(Data supplied)
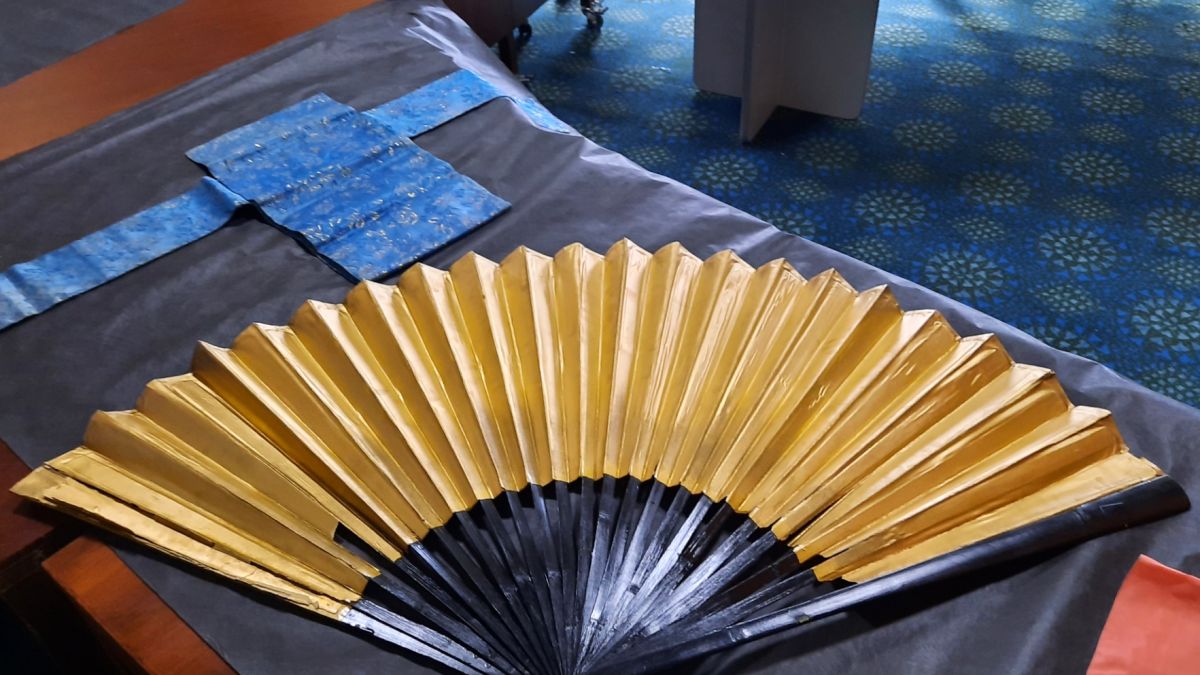 Japanese Hand fan made by made by set designer Peter Barton, used in the performance from the Teahouse of the August Moon at the grand opening of the Wagga Civic Theatre in June 1963.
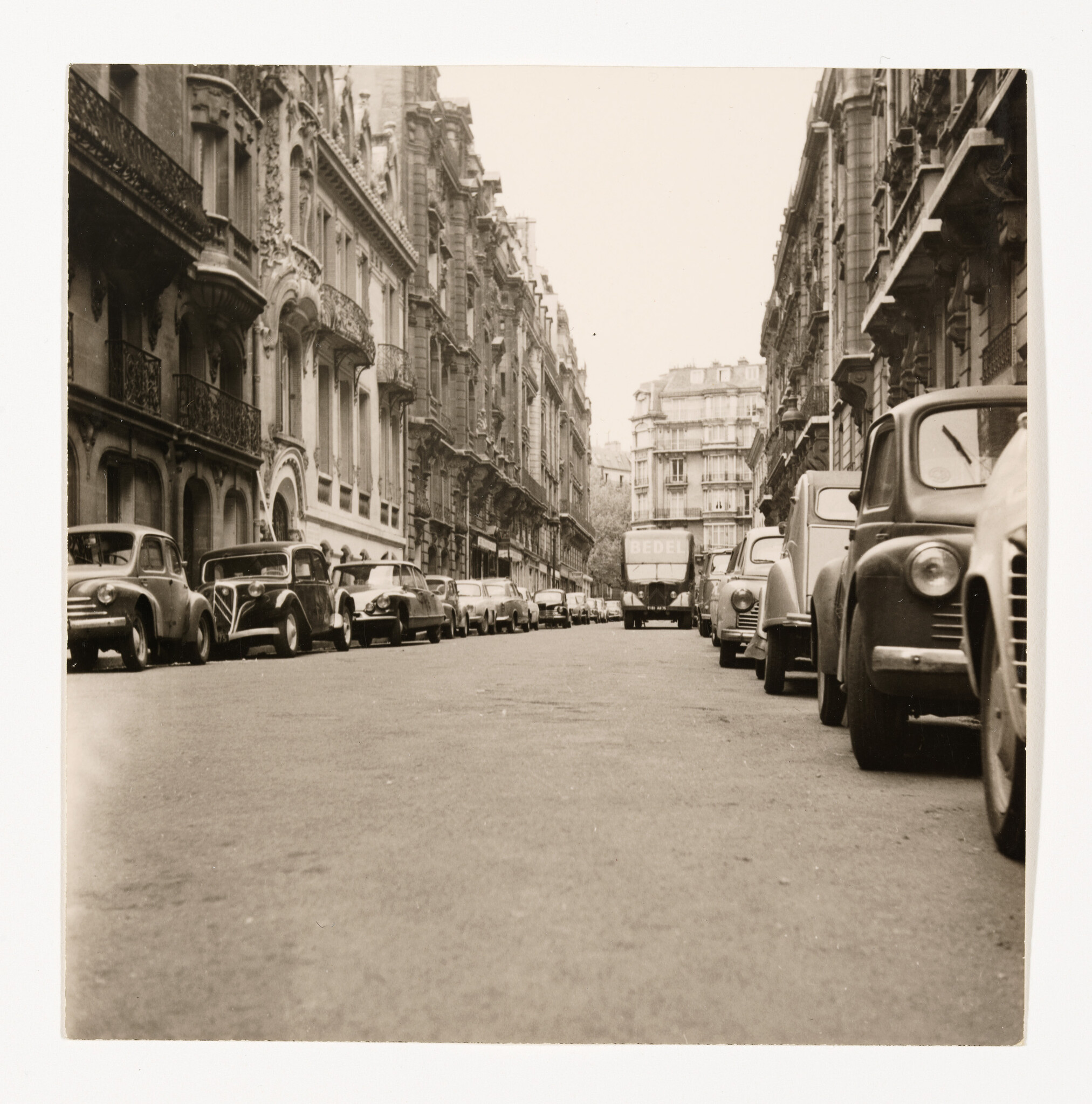 A row of vintage cars parked along a narrow street between ornate apartment buildings.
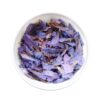 a bowl of purple flowers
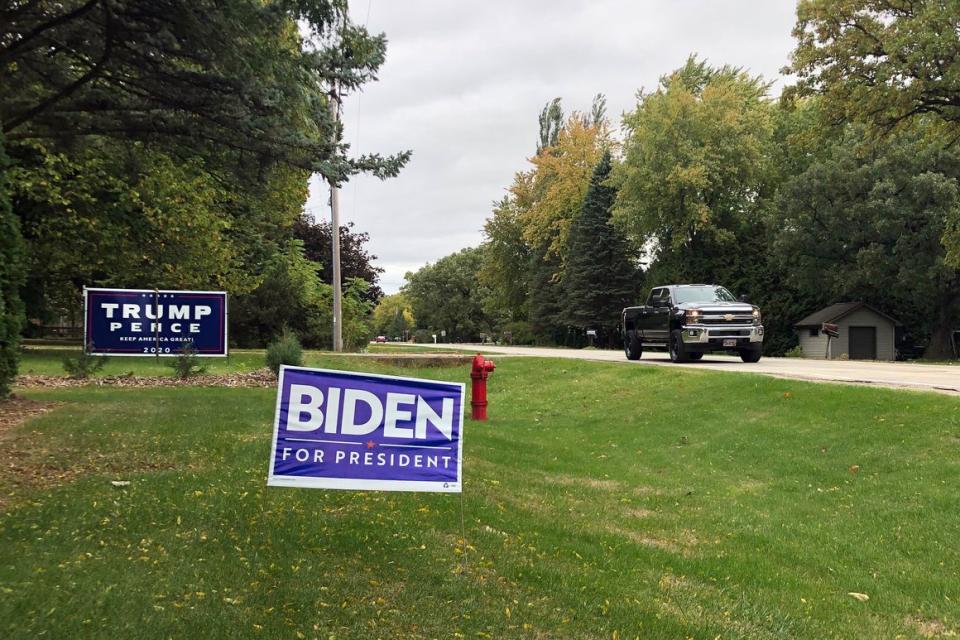Signs for Democratic presidential nominee former Vice President Joe Biden and President Donald Trump on adjacent lawns in a middle-class neighborhood of Oshkosh, the hub of swing-voting Winnebago County, Wis.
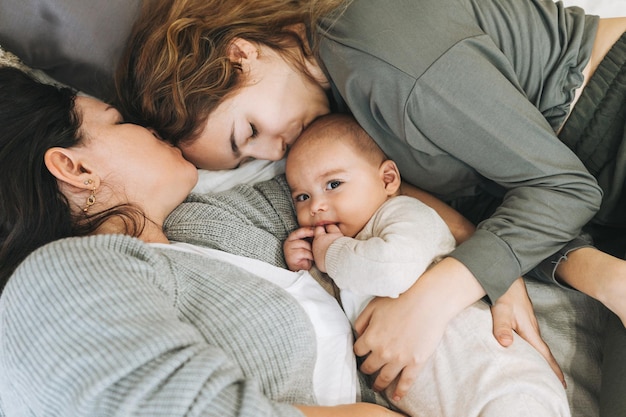 Echte Familie aus junger Mutter und zwei Kindern unterschiedlichen Alters, Teenager-Mädchen und kleiner Junge, die sich im Bett amüsieren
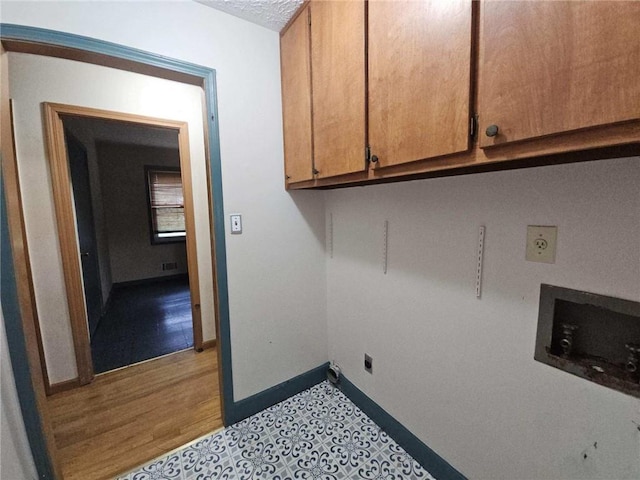 clothes washing area with cabinet space, hookup for a washing machine, a textured ceiling, electric dryer hookup, and baseboards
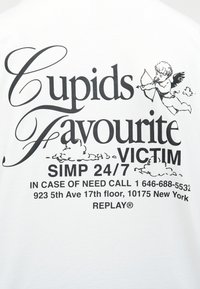 Κείμενο σε λευκό ύφασμα που αναγράφει «Το Αγαπημένο Θύμα του Έρωτα Simp 24/7» με ένα μικρό σχέδιο έρωτα που στοχεύει με βέλος, και στοιχεία επικοινωνίας από κάτω.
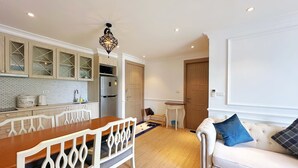 A modern kitchen with white cabinets, a wooden dining table, and a built-in oven.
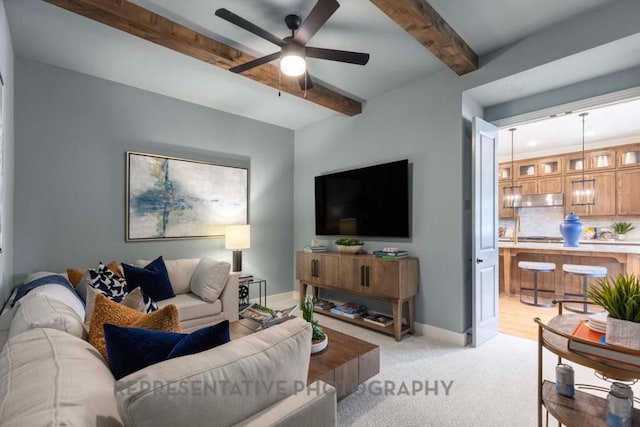 1401 Snowdrop Dr, Georgetown, TX 78628 - living room featuring beamed ceiling, ceiling fan, and light colored carpet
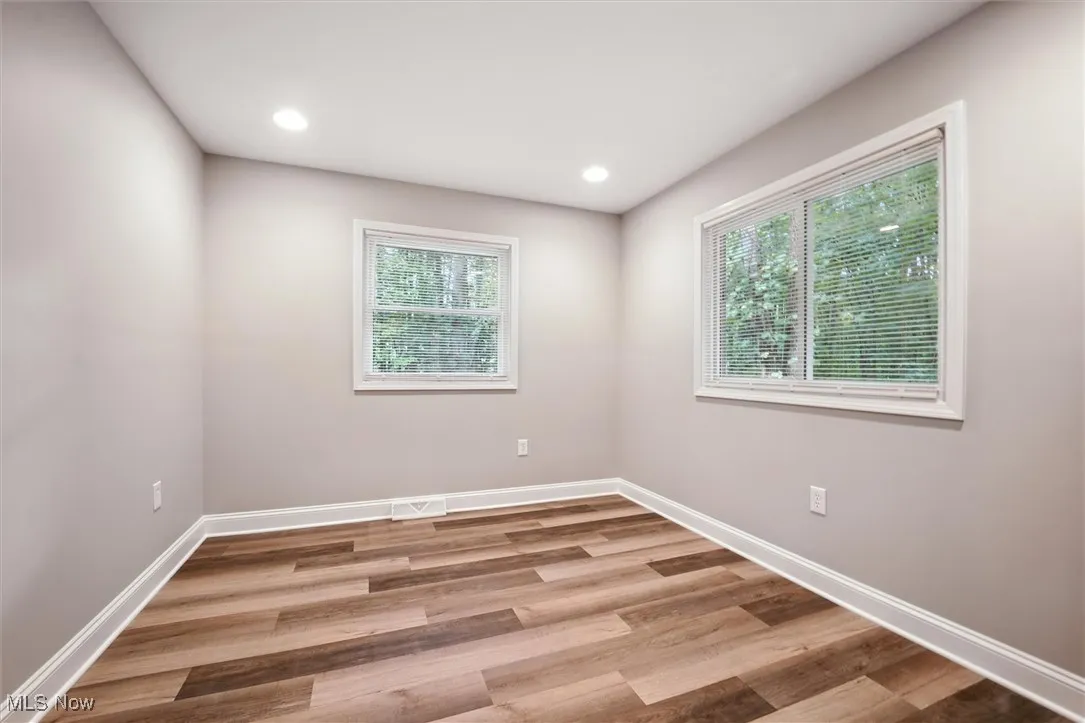 Spare room with light wood-style flooring and recessed lighting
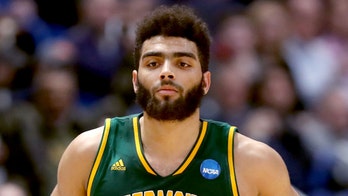 University of Vermont star withdraws from NBA draft to finish senior year
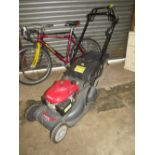 A HONDA PETROL MOWER WITH BOX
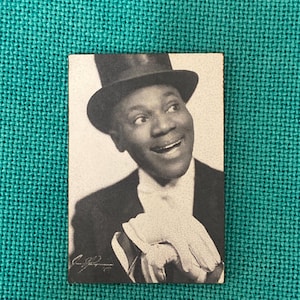 May include: Black and white photo of a man wearing a top hat and a suit. He is smiling and looking at the camera. The photo is signed with a name.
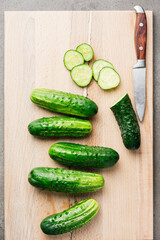 Fresh organic cucumbers on cutting board.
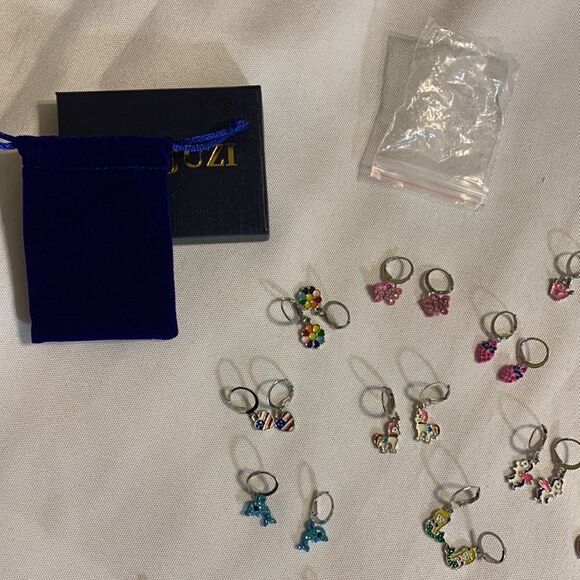 12 pairs earrings for little girls.  See dimes for size reference.  NEW - Picture 2 of 7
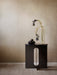 The black Androgyne Side Table with a marble top, featuring a central cutout, styled with vase and bowl against a beige wall.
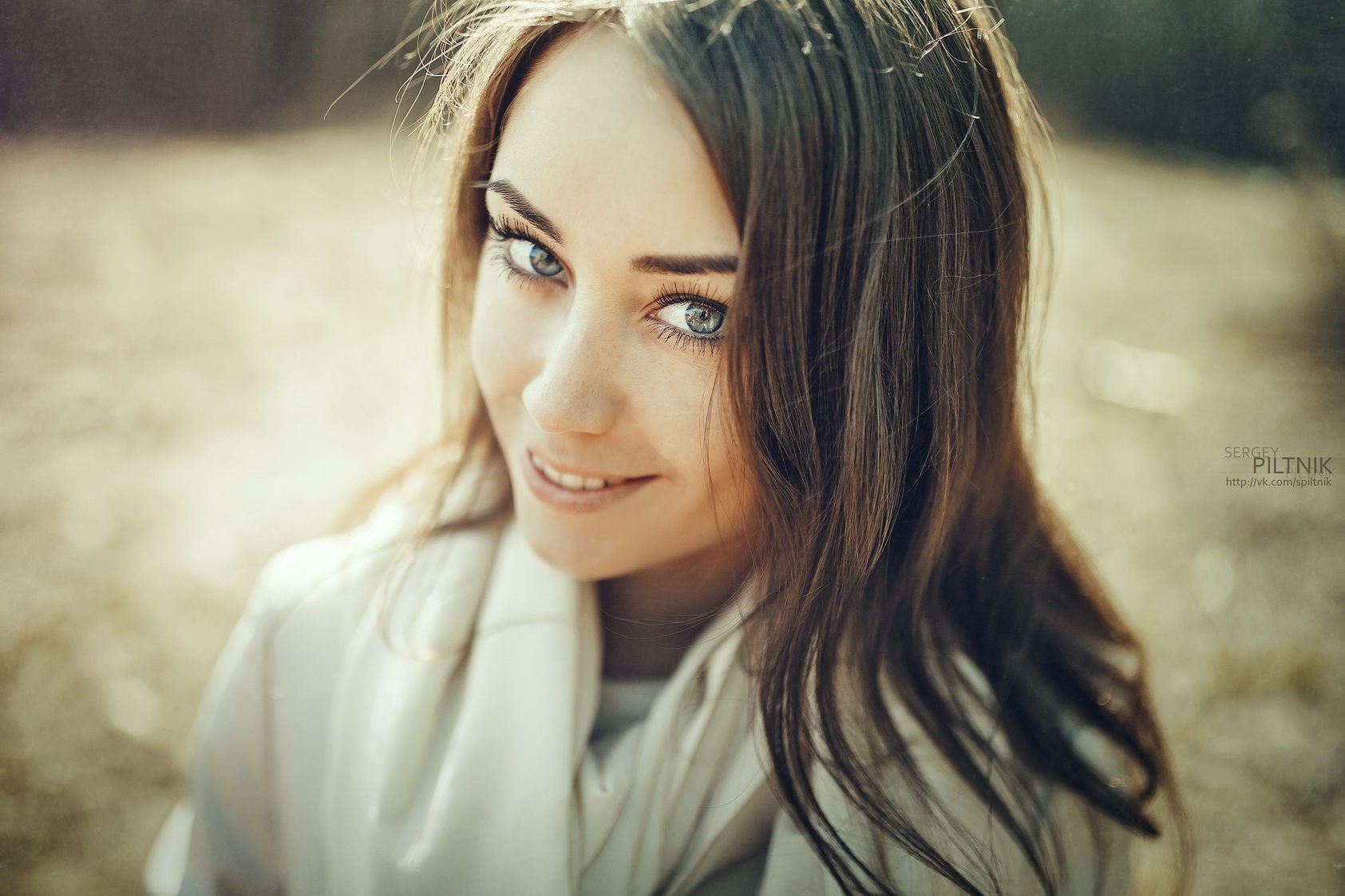 Brunette woman with blue eyes smiling outdoors HD Wallpaper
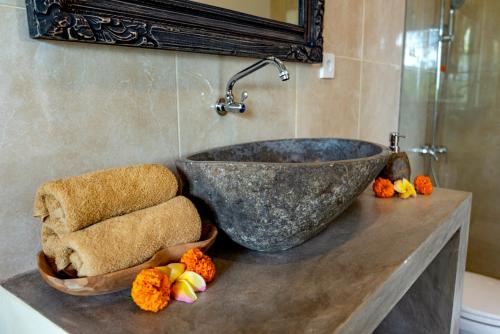 een badkamer met een grote stenen wastafel op een aanrecht bij Villa Kanwa in Tampaksiring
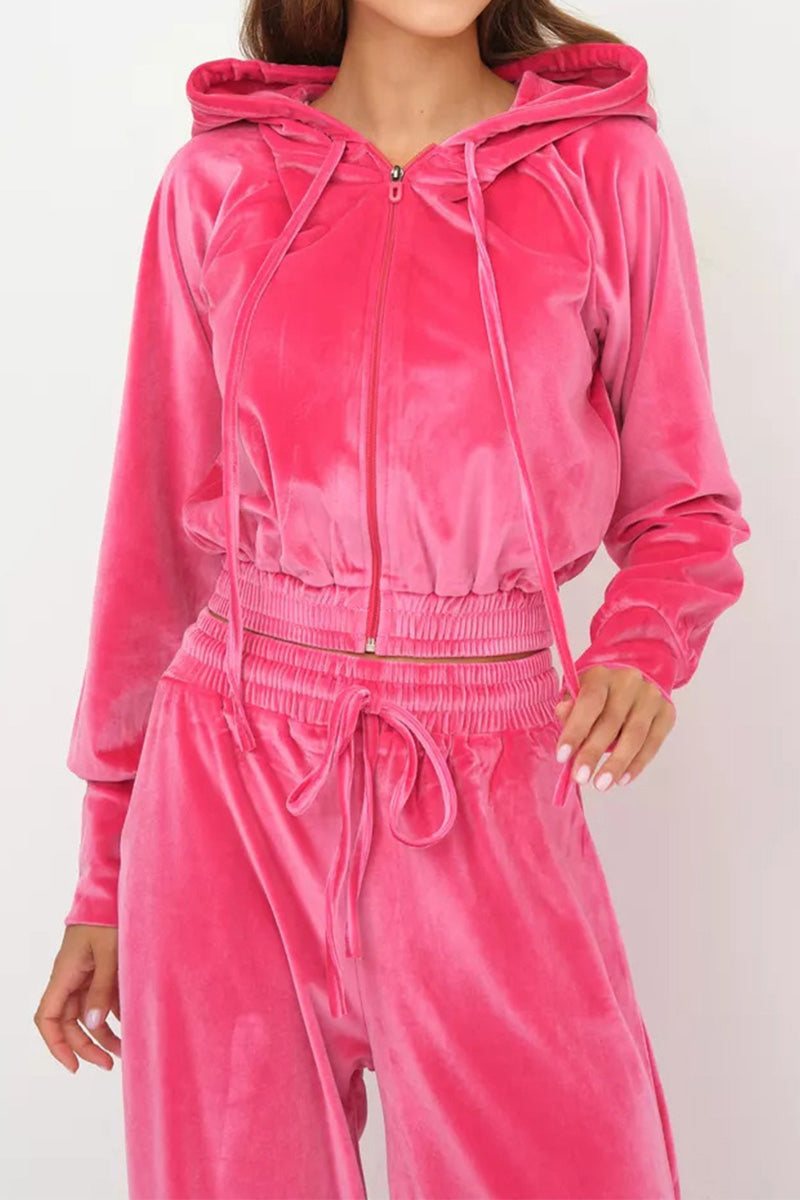 Pink velour tracksuit with cropped hoodie and high-waist drawstring pants in plush, smooth fabric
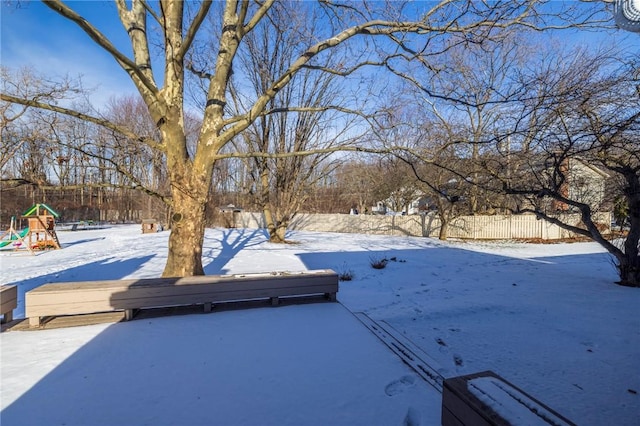 yard layered in snow featuring a playground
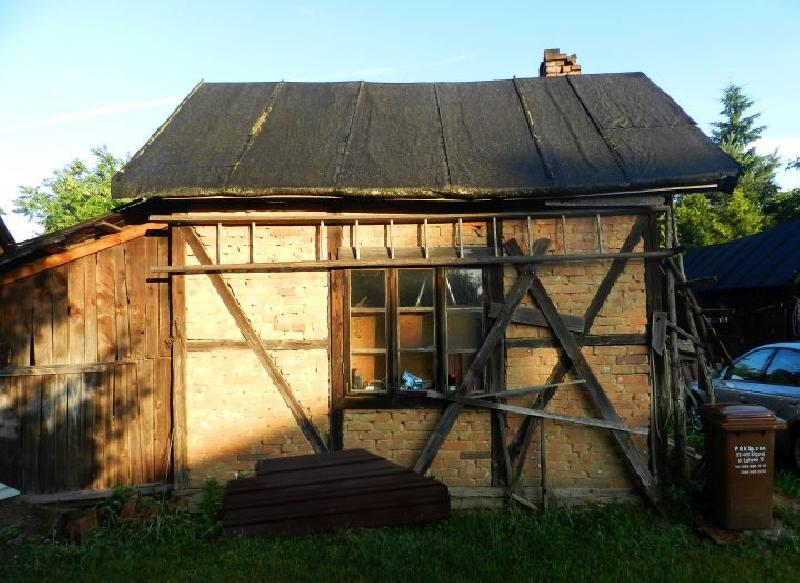 Stary ceglany domek z pojedyńczymi deskami i starym pojedyńczym oknem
(End Data supplied)
Work instructions
Starting at the first line of the records and stopping after the line with "A HONDA PETROL MOWER WITH BOX", copy each line exactly; pictures stay out.

Result of this exercise
 Japanese Hand fan made by made by set designer Peter Barton, used in the performance from the Teahouse of the August Moon at the grand opening of the Wagga Civic Theatre in June 1963.
 A row of vintage cars parked along a narrow street between ornate apartment buildings.
 a bowl of purple flowers
Signs for Democratic presidential nominee former Vice President Joe Biden and President Donald Trump on adjacent lawns in a middle-class neighborhood of Oshkosh, the hub of swing-voting Winnebago County, Wis.
 Echte Familie aus junger Mutter und zwei Kindern unterschiedlichen Alters, Teenager-Mädchen und kleiner Junge, die sich im Bett amüsieren
 clothes washing area with cabinet space, hookup for a washing machine, a textured ceiling, electric dryer hookup, and baseboards
 Κείμενο σε λευκό ύφασμα που αναγράφει «Το Αγαπημένο Θύμα του Έρωτα Simp 24/7» με ένα μικρό σχέδιο έρωτα που στοχεύει με βέλος, και στοιχεία επικοινωνίας από κάτω.
 A modern kitchen with white cabinets, a wooden dining table, and a built-in oven.
 1401 Snowdrop Dr, Georgetown, TX 78628 - living room featuring beamed ceiling, ceiling fan, and light colored carpet
 Spare room with light wood-style flooring and recessed lighting
 University of Vermont star withdraws from NBA draft to finish senior year
 A HONDA PETROL MOWER WITH BOX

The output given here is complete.